Jack Price, trustee for the Old Brick Church, has spoken to Hutchins many times over the years. “That fire he had in the belly hasn’t gone out,” Price said of Hutchins’ passion.

“He’s almost 68 and when he started this he was a teenager.”

Price has been a trustee for 26 years and noted that the five-member board is mostly concerned with “nuts and bolts” issues like painting, heating bills and landscaping. “It takes a lot to keep something this old going,” he said. “We just don’t have the money to fulfill Mark’s vision, but if money becomes available, the trustees will have to decide if they want to take another step to making it more authentic and like it was during its heyday.”

Price said one of the requirements of the church being owned by the town is that it has to have community events like the winter concert series and Fourth of July gatherings. However, he noted that it is also important to preserve the history of the church, which was attended by many of the town’s early elites. “What we have is a frosted cake,” he said, “but it doesn’t have all the frilly icing that it could have if it were a museum or something other than a functioning meeting house,” Price said.
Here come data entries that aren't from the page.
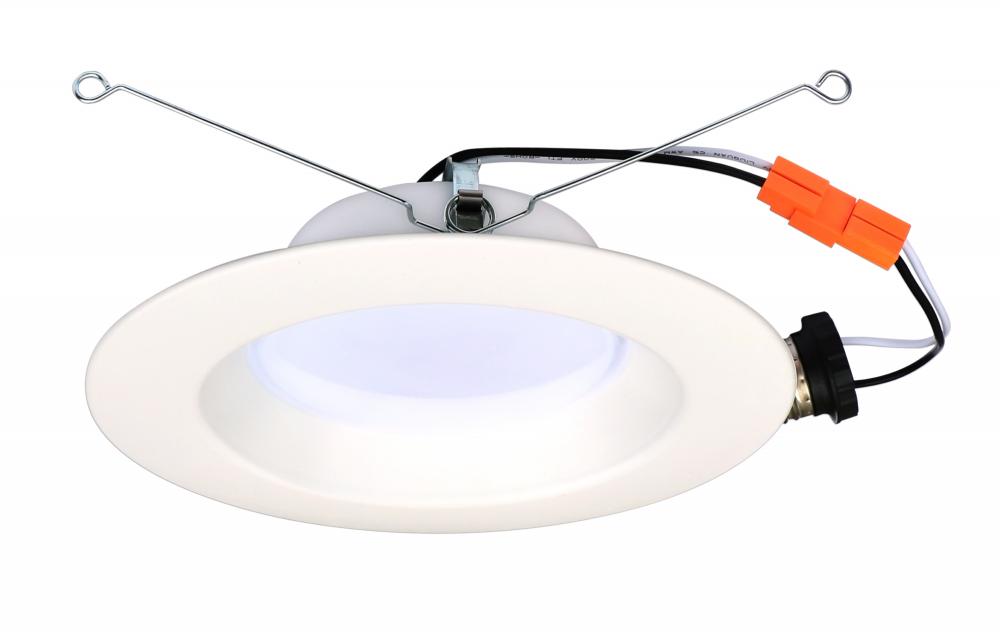 12 watt LED Downlight Retrofit; 5 - 6&#34;; 4000K; Dimmable; 120 volts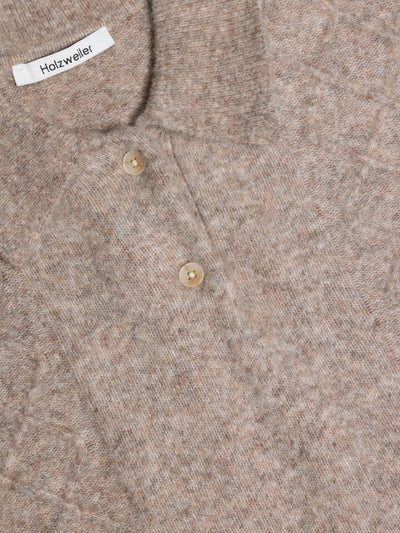 Argyle Polo, Taupe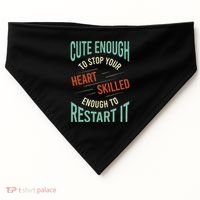 Paramedic Saying Rescue Emt Ems USA-Made Doggie Bandana thumb 0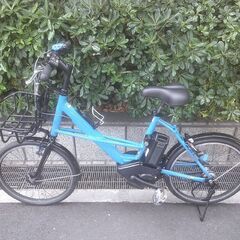 電動20インチ 税別￥45.273- 新基準ヤマハパスシティー　良品8.7Ah 電動自転車　３ヶ月保証　ブルー601の画像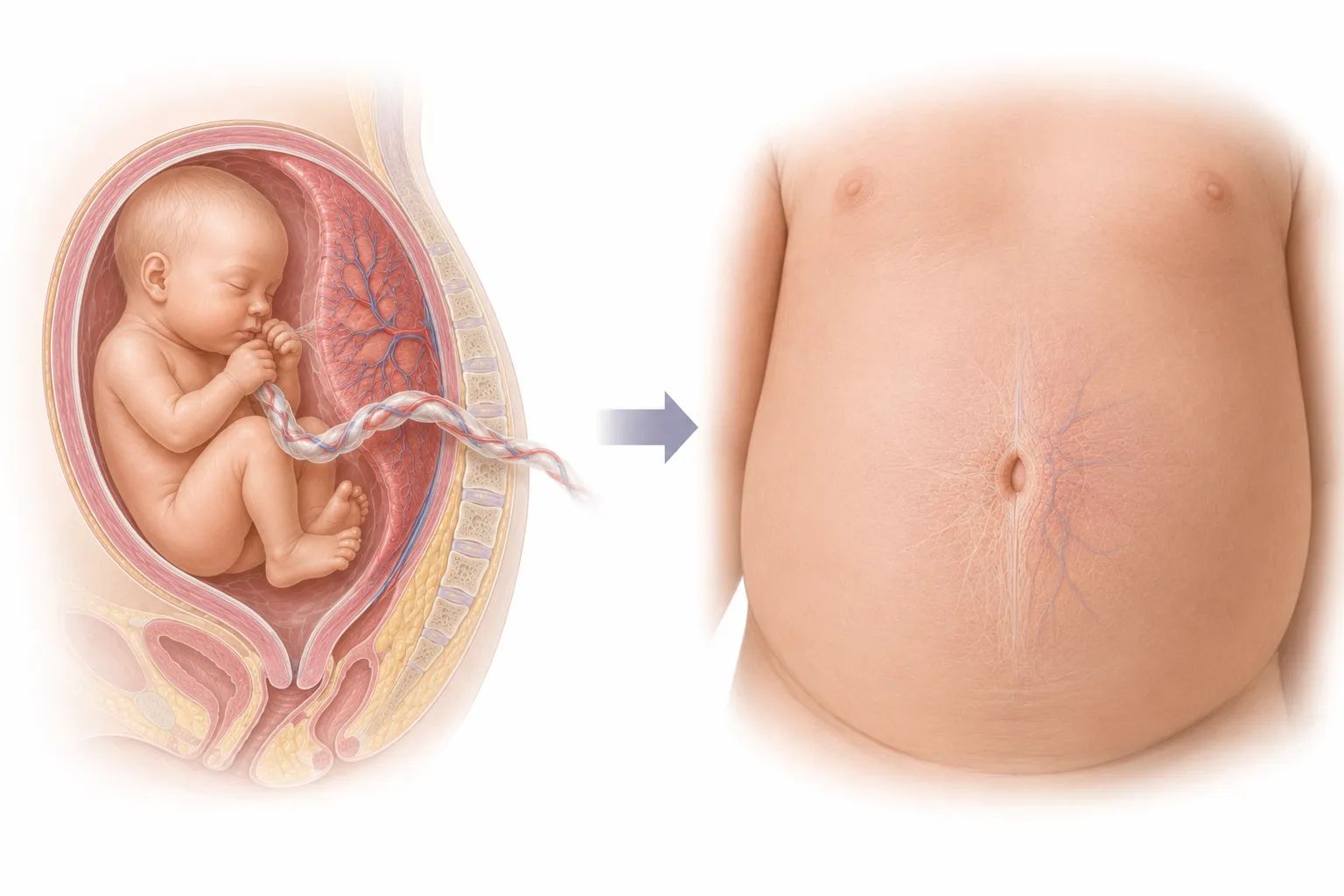 Why Do We Have a Navel? explanatory diagram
He added that he always keeps Hutchins in mind when discussing budgetary matters with the other trustees and Hutchins often calls him with ideas. “He’s not heavy handed at all,” Price said. “He’s the spiritual conscience of the church.”

Half a century after leaving town, Hutchins is still carrying a torch for the church. He recently submitted a rendering of what the interior looked like when he first crawled through the broken shutter including furnishings, carpeting, upholstery, wallpaper and the gold-leaf chandelier.

“The church today has a pleasant interior,” he said “but it could be much more elegant. It wouldn’t take much to get it back. It was my dream and there is a part of me that would like to keep it alive,” he said.